# SRN – A Geometric Interpretation of the Metropolis-Hastings Algorithm by Billera and Diaconis

Coming back to the Sunday Reading Notes, this week I discuss the paper ‘A Geometric Interpretation of the Metropolis-Hastings Algorithm’ by Louis J. Billera and Persi Diaconis from Statistical Science. This paper is suggested to me by Joe Blitzstein.

In Section 4 of ‘Informed proposals for local MCMC in discrete spaces’ by Giacomo Zanella (see my SRN Part I and II), Zanella mentions that the Metropolis-Hasting acceptance probability function(APF) $\min\left(1,\frac{\pi(y)p(x,y)}{\pi(x)p(y,x)}\right)$ is not the only APF that makes the resulting kernel $\pi$-reversible as long as detailed-balance is satisfied.
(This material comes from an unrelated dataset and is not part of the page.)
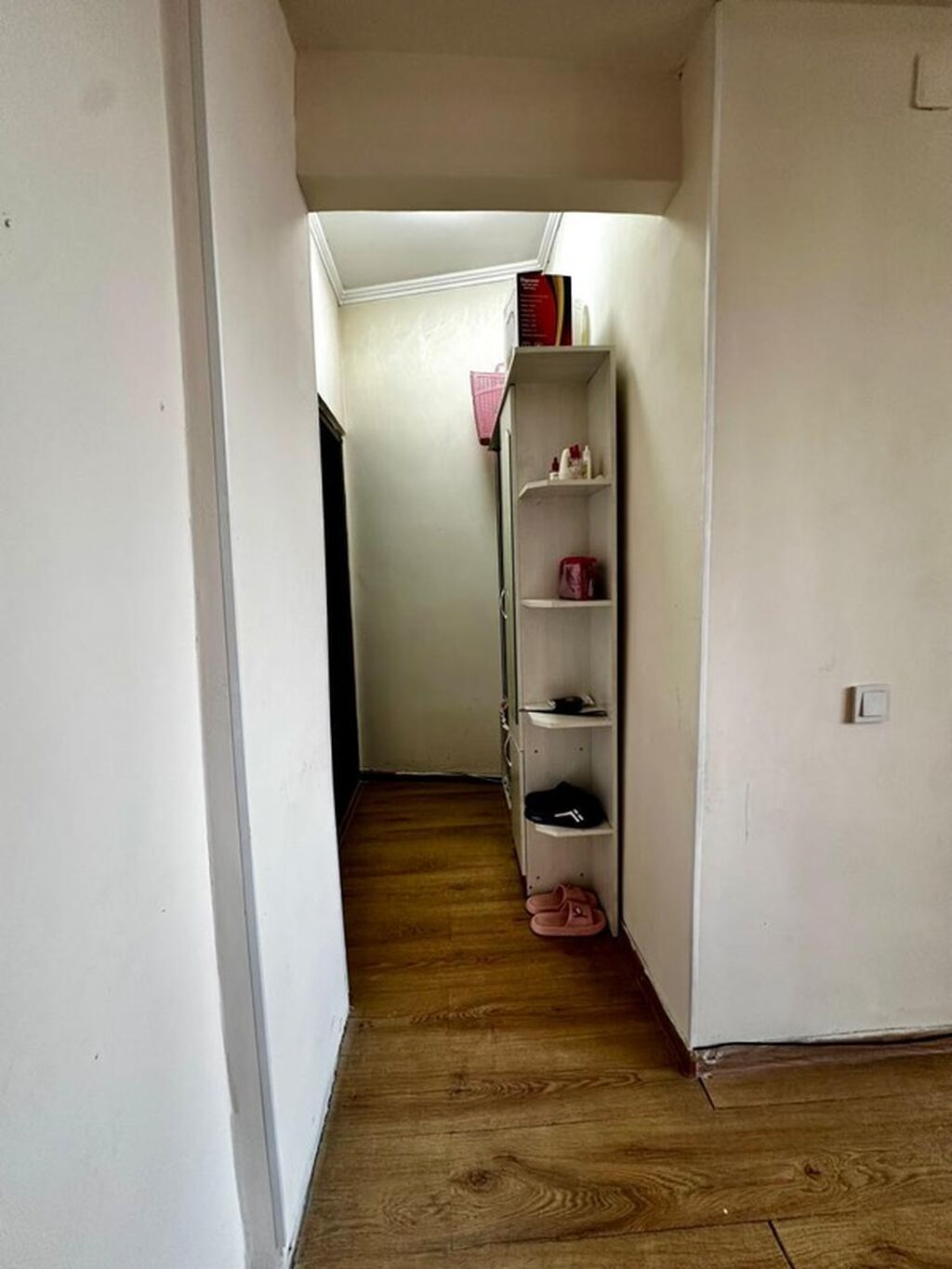 1 комната, 35 м², Молодая Гвардия Индивидуалка, 8 этаж, Косметический ремонт: фото 5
This comes first as a ‘surprise’ to me as I have never seen another APF in practice. But very quickly I realize that this fact was mentioned in both Stat 213 & Stat 220 at Harvard and I have read about it from Section 5.3 – ‘Why Does the Metropolis Algorithm Work?‘ of ‘Monte Carlo Strategies in Scientific Computing‘ by Jun S. Liu. Unfortunately, I did not pay enough attention. Joe suggested this article to me after I posted on Facebook about being upset with not knowing such a basic fact.

In this Billera and Diaconis paper, the authors focus on the finite state space case $X$ and considers the MH kernel as the projection of stochastic matrices (row sums are all 1 and all entries are non-negative, denoted by$\mathcal{s}(X)$) onto the set of $\pi$-reversible Markov chains (stochastic matrices that satisfy detailed balance $\pi(x)M(x,y) = \pi(y)M(y,x)$, denoted by $R(\pi)).$ If we introduce a metric on the stochastic matrices: $d(K,K') = \sum_{x} \sum_{x\not=y} \pi(x) |K(x,y)-K'(x,y)|$.

The key result in this paper is Theorem 1. The authors prove that the Metropolis maps $M := M(K)(x,y) = \min\left( K(x,y), \frac{\pi(y}{\pi(x)}K(y,x)\right)$ minimizes the distance $d$ from the proposal kernel $K$ to $R(\pi).$ This means that $M(K)$ is the unique closest element in $R(\pi)$ that is coordinate-wise smaller than $K$ on its off-diagonal entries. So $M$ is in a sense the closest reversible kernel to the original kernel $K$.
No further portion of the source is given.